Friday, November 10, 2006

Prejudice Against All Immigrants is No Better than Racism

The not guilty verdict in the trial of Mark Collett - the BNP ( British Nationalist Party )’s head of publicity – , like the debate over Councillor Bland’s poem vilifying immigrants, shows the confusion between racism and prejudice against immigrants.

While racism is condemned by everyone prejudice against immigrants is wrongly seen by some people as somehow respectable.

Collett had called asylum seekers ‘cockroaches’ – the same insult used by Hutu extremists to whip up the hatred against Tutsis which led to the 1994 genocide – and gone on to say that we should ‘show the ethnics the door’.

The latter was part of the attack on ‘multi-culturalism’. The critics of multiculturalism effectively demand that we all conform, all become identical and all have only one identity – national – and one single loyalty – to the state. This is a recipe for the end of any meaningful democracy.
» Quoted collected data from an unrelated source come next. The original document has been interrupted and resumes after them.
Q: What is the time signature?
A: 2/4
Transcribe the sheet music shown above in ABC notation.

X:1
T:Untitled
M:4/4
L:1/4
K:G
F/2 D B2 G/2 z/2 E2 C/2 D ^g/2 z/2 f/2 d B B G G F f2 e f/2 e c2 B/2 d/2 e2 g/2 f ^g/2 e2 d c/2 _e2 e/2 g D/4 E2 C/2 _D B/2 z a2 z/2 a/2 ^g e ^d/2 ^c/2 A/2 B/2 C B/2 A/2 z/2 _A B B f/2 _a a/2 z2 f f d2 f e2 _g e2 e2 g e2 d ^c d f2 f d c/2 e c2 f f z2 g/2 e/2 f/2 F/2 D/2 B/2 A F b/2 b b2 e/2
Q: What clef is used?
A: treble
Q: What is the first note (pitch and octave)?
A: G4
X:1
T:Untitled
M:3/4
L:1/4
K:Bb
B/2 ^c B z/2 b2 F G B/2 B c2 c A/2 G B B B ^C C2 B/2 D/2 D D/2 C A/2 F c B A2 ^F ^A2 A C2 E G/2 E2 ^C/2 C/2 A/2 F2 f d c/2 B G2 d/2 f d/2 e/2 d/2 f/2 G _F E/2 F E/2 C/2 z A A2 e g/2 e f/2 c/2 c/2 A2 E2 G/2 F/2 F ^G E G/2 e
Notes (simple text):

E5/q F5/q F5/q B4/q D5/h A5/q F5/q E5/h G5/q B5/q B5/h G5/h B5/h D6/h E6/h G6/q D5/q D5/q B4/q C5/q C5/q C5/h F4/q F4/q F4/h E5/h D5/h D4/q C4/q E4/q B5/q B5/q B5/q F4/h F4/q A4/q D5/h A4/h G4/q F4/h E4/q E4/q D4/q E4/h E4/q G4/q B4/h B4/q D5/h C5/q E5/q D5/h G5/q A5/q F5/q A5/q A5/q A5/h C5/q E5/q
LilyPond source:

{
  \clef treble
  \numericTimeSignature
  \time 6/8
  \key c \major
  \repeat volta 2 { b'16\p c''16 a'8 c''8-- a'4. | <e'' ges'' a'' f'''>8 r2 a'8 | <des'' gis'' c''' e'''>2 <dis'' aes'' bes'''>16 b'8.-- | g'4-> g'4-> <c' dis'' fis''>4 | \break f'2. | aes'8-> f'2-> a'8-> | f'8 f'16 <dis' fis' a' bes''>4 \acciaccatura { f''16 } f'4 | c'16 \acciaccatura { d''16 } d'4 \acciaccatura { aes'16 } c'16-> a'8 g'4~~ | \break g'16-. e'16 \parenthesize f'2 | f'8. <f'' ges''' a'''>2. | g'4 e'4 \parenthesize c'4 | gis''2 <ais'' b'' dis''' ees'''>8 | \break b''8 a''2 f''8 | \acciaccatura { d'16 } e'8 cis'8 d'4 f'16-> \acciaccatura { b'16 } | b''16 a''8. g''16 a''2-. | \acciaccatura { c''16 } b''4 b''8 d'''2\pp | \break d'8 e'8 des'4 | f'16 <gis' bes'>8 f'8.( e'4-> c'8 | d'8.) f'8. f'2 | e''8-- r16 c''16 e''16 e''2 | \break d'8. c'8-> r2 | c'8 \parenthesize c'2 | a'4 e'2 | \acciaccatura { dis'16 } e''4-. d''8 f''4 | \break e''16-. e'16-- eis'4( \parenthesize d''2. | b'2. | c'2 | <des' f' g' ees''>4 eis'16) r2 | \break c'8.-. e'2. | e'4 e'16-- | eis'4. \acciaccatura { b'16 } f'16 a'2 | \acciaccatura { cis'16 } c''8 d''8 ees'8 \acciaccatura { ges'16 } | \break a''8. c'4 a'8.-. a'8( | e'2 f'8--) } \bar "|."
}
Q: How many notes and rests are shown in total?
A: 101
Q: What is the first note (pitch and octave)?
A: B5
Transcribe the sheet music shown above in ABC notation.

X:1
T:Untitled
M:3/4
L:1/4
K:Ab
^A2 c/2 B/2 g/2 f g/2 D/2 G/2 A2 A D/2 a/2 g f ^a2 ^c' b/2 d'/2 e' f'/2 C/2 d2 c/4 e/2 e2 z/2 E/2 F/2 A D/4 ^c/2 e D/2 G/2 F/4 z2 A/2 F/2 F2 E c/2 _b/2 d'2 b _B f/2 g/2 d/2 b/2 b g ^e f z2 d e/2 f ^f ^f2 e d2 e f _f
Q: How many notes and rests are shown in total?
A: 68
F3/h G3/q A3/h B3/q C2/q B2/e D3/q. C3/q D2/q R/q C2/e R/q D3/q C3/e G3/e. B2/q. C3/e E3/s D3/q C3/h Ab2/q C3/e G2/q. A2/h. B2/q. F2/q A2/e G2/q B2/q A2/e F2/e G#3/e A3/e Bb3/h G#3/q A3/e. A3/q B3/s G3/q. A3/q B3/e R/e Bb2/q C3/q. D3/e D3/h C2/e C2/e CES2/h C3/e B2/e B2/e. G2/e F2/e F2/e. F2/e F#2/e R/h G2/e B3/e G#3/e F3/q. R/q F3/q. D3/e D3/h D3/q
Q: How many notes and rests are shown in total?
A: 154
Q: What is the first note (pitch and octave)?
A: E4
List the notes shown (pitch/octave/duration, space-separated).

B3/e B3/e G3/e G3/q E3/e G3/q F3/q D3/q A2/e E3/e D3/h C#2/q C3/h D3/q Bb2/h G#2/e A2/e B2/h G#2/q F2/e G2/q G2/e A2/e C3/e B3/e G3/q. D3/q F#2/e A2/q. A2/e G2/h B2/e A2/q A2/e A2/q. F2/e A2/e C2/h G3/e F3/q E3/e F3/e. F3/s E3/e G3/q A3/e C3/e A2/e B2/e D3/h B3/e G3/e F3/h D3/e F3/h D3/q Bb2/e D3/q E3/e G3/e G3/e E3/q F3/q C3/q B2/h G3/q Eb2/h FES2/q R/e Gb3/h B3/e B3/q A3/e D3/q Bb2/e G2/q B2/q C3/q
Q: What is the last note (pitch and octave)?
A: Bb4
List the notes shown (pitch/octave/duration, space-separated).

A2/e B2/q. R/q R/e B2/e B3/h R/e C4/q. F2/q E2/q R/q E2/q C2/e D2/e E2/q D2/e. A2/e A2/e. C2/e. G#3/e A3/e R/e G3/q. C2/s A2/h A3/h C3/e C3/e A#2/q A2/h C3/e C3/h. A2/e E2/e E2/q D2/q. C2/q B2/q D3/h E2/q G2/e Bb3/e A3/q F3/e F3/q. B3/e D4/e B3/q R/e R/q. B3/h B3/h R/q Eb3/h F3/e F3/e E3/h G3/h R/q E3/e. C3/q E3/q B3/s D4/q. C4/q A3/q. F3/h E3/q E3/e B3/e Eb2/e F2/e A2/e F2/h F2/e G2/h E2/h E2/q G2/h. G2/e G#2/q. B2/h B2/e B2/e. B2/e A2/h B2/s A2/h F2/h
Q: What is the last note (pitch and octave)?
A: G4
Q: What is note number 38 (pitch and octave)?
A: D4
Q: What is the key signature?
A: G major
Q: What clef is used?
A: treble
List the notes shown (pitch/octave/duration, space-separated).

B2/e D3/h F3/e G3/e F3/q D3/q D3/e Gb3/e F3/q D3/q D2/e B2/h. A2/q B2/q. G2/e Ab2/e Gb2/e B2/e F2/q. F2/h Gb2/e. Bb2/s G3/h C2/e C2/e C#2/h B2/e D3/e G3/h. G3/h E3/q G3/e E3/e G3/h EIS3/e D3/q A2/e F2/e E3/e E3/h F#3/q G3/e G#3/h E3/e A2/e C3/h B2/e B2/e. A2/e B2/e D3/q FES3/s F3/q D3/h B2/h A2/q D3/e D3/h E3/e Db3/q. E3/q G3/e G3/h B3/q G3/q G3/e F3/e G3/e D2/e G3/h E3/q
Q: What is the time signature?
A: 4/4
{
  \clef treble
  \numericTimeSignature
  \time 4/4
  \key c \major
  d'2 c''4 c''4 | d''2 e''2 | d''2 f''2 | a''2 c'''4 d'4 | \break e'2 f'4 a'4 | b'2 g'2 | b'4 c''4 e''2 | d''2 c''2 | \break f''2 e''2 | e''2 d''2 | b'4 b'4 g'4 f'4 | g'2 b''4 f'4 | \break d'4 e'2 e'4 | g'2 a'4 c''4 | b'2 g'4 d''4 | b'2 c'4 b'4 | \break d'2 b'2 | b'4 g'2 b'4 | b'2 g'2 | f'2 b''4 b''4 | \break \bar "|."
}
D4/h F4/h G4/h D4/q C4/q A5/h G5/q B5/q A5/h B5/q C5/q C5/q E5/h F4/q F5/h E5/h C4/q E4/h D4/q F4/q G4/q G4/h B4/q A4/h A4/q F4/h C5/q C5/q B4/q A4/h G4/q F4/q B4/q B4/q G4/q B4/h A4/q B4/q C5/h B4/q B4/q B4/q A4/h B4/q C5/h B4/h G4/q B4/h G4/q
There can’t be democracy if there’s no debate allowed and no civil society, no membership of overlapping groups with different beliefs beyond the state.

Multiculturalism is part of a free society. Prejudice against immigrants is often a cover for racism and even when it’s not it’s no better than racism.
Yes Muslim demonstrator Abdul Rahman was wrong and inciting violence when he called for those who insulted Islam to be beheaded. He however, unlike Collett or BNP leader Nick Griffin, Rahman was jailed for doing so and said he regretted and apologised for his actions. Collett and Griffin walked free and far from apologising for or regretting their actions went on to add the BBC to their list of people to be seen as no more than ‘cockroaches’.

Perhaps amending the law to include inciting hatred against immigrants as an offence would prevent the same happening in future?